Das beginnt schon beim wahnsinnig aufwendigen Coverfoto. Bis dahin wurde einfach ein Foto vom Interpreten aufs Cover gepappt, oft genug ohne jeglichen Bezug zur Musik. Die Beach Boys schleppten in ihrer Frühzeit aufm Cover ständig Surfbretter über den Strand, konnten aber gar nicht surfen – bis auf einen, und der ertrank später dabei. Die Beatles hingegen engagierten hier einen eigenständigen Künstler bzw. ein Künstlerteam. Dieses wiederum verewigte neben den vier Pilzköpfen in modisch bunter Uniform noch einen ganzen Haufen mehr oder minder berühmter Persönlichkeiten auf dem Cover – sowas ginge heute gar nicht mehr, allein schon wegen der notwendigen Bildrechte. Außerdem kostete der Spaß einen Haufen Kohle, den heutzutage niemand mehr bereit wäre für ein Album auszugeben.

Die inneren Werte bestehen aus 13 Songs, darunter aber nur wenige wirklich bekannte Hits.

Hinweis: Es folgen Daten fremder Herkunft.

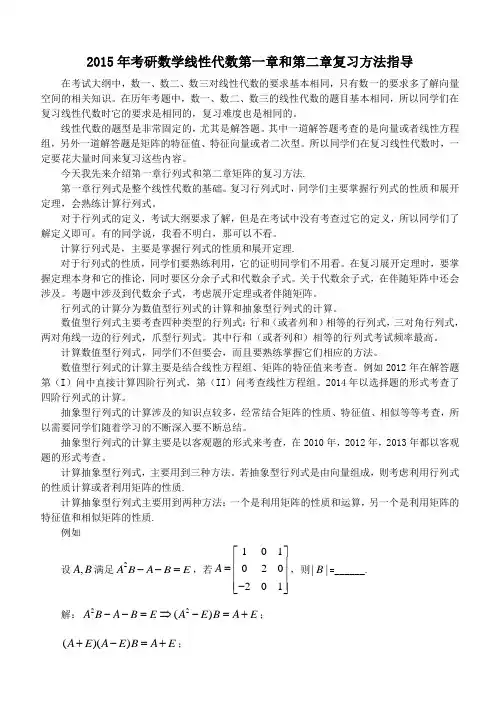 2015年考研数学线性代数第一章和第二章复习方法指导-李兰巧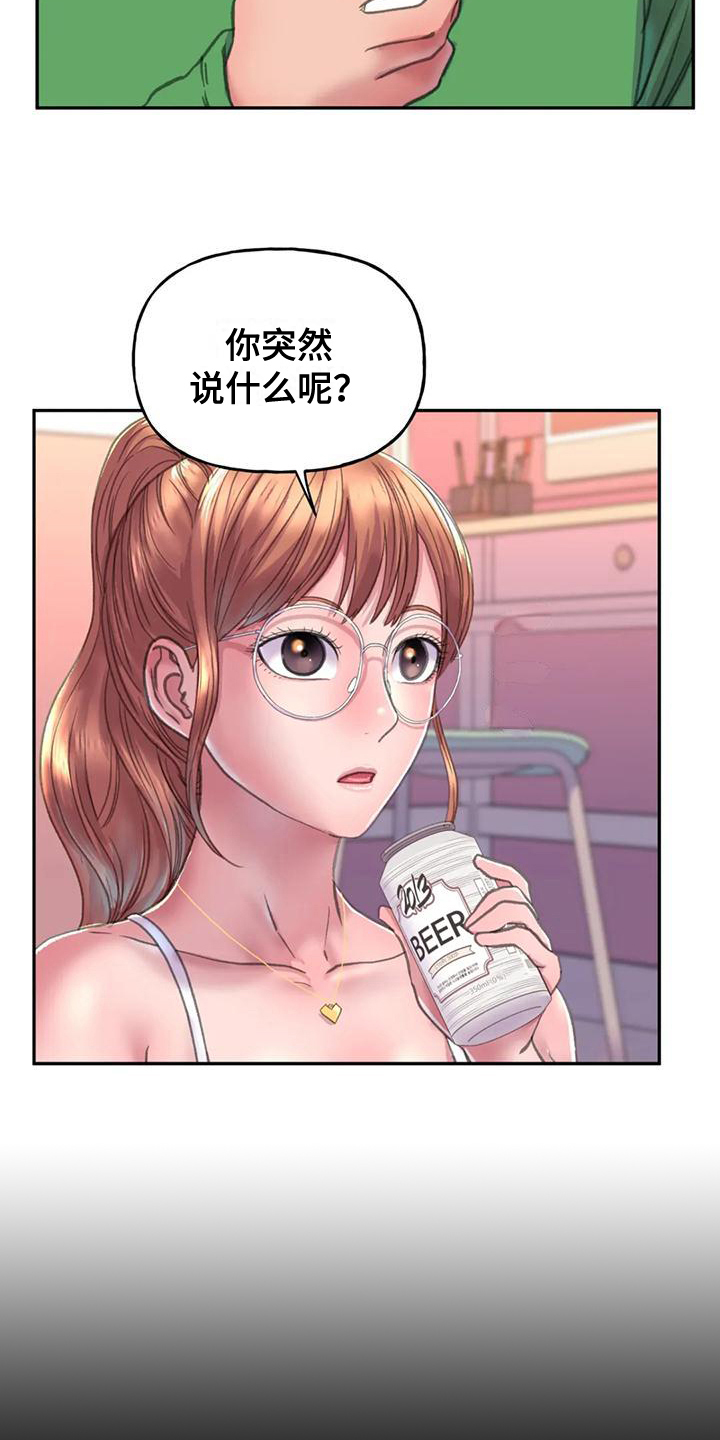 美丽变身漫画,第7章：烦恼1图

Dafür gibt es auf dem Album einige der relevantesten Werke zum Thema „Ausnutzen moderner Studiotechnik“ und „Sprengen musikalischer Grenzen“. Eine Nummer wie A Day In The Life wäre nur ein Jahr vorher völlig undenkbar gewesen. Die asiatischen Klänge von Within You Without You ebenso. Ein Album als in sich geschlossenes künstlerisches Statement zu sehen war bis dahin ausgesprochen unüblich, hier gibt es nun eine Einleitung namens Sgt. Pepper’s Lonely Hearts Club Band, die nahtlos in das von Ringo gesungene With A Little Help From My Friends (als Cover zwei Jahre später der große Durchbruch für Joe Cocker) übergeht und auf der zweiten LP-Seite durch eine Reprise abgeschlossen wird.

Der „Hit“ des Albums ist das an dritter Stelle stehende Lucy In The Sky With Diamonds, während die anderen Stücke die Band in erster Linie als gereifte Texter präsentieren. Nix is mit Boygroup-Ich liebe Dich, sie liebt mich nicht, blabla-Texten – hier geht es um Betrachtungen von Alltagsgegebenheiten. Gut, When I’m 64 ist jetzt nicht unbedingt Alltag und dauert bei mir noch ein paar Jährchen, wurde dafür aber z.B. von Udo Lindenberg gecovert.

Fazit: Zweimal ganz große Popgeschichte. Einmal als Sammlung von Hitsingles, einmal als große Albumkunst. Muss man kennen.